Bahkan, menurut informasi yang diterima dari Saut Edward, pengacara salah satu terpidana Zulfiqar Ali yang lolos dari eksekusi mati, tenda di lokasi eksekusi sempat roboh karena kencangnya angin.
"Iya, tenda sempat roboh. Dan banyak petugas di sana yang basah kuyup," ujar Saut saat dihubungi via telepon, Jumat dinihari.

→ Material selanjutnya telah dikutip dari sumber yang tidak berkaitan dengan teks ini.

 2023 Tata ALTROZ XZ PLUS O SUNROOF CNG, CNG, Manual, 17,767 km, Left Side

Dia mengatakan, kebetulan yang tengah berada di tenda lokasi eksekusi ketika itu bukan regu tembak, melainkan petugas pendukung lainnya. Sebab, saat angin kencang merobohkan tenda, terpidana mati yang akan dieksekusi belum dibawa ke lokasi.
Â
Advertisement
Malam Jumat Kliwon
Eksekusi mati ini membuat warga sekitar penasaran. Banyak warga yang sengaja ke Dermaga Wijayapura untuk menyaksikan jenazah terpidana mati dibawa dari Nusakambangan dengan ambulans.
Walau hujan turun, warga tetap bertahan. Rasa penasaran membuat mereka berusaha berteduh di bawah atap-atap warung di sekitar Dermaga Wijayapura. Sementara, ratusan personel kepolisian juga berjaga mulai dari akses jalan menuju ke Dermaga Wijayapura.

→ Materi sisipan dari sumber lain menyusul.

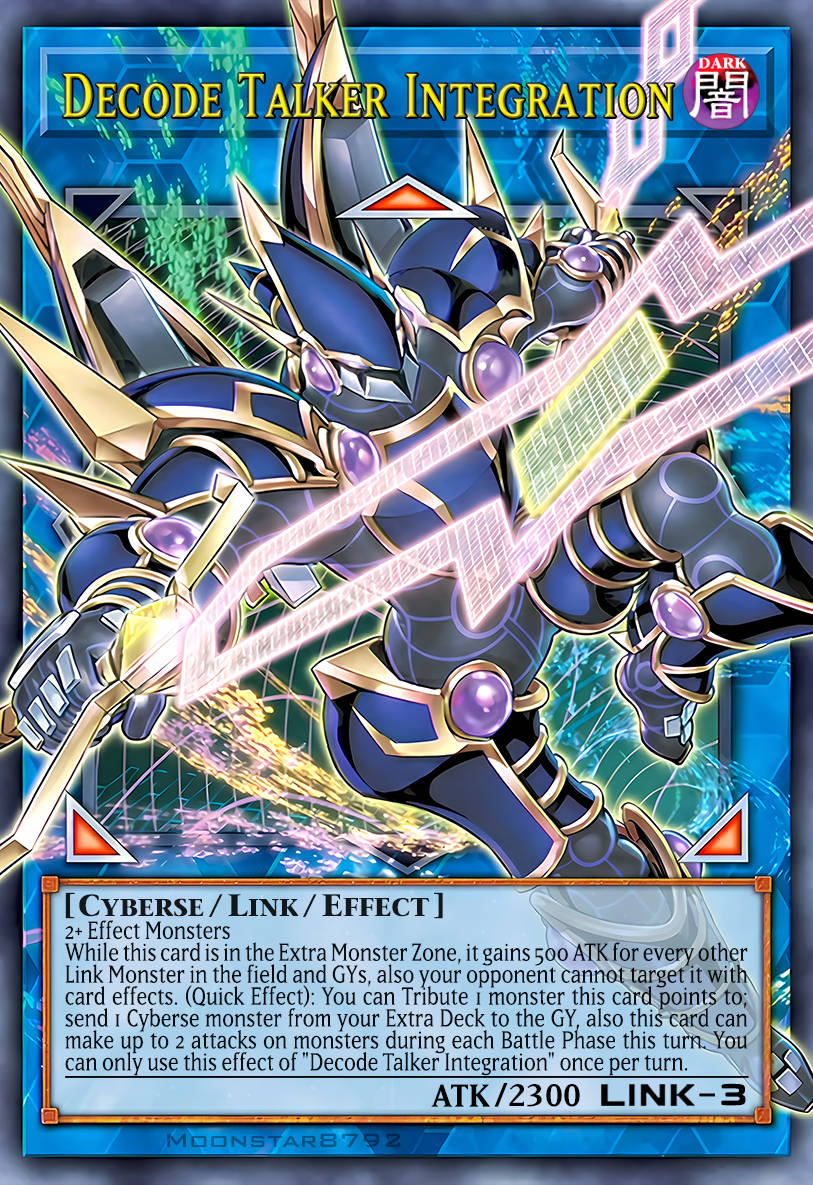 Décodeur bavard intégration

Salah satu warga bernama Erna (27) mengaku tak habis pikir dengan cuaca yang tiba-tiba hujan deras. Dia tak henti bergumam soal cerita mistis bersama warga lainnya.
"Ini rasanya lebih seram dari tahun kemarin, soalnya hujan. Sudah gitu geledeknya suaranya besar banget. Jadi bikin tambah seram," kata Erna di Dermaga Wijayapura, Cilacap, Kamis, 28 Juli 2016 tengah malam.
Dia pun mengajak bercerita lebih dalam. Mengingat malam ini adalah malam Jumat Kliwon. Sebagian warga percaya ada penunggu yang menaungi Pulau Nusakambangan.
"Pengin tahu saja gimana, walaupun cuma bisa sampai sini. Tapi sampai sini saja udah seram, ditambah ini juga malam Jumat kliwon. Udah gitu cuacanya juga kayak gini tambah seram rasanya," Erna menerangkan.
Afif (48) mengaku telah beberapa kali datang ke dermaga untuk menyaksikan suasana di sekitar Nusakambangan saat eksekusi mati. Dia mengatakan tahun ini suasananya memang lebih terasa menyeramkan karena guntur terus bergemuruh. Ditambah cahaya kilat juga terus berkelip.
"Lain dari tahun kemarin. Lebih seram kayaknya, hujan gede gini," ucap dia.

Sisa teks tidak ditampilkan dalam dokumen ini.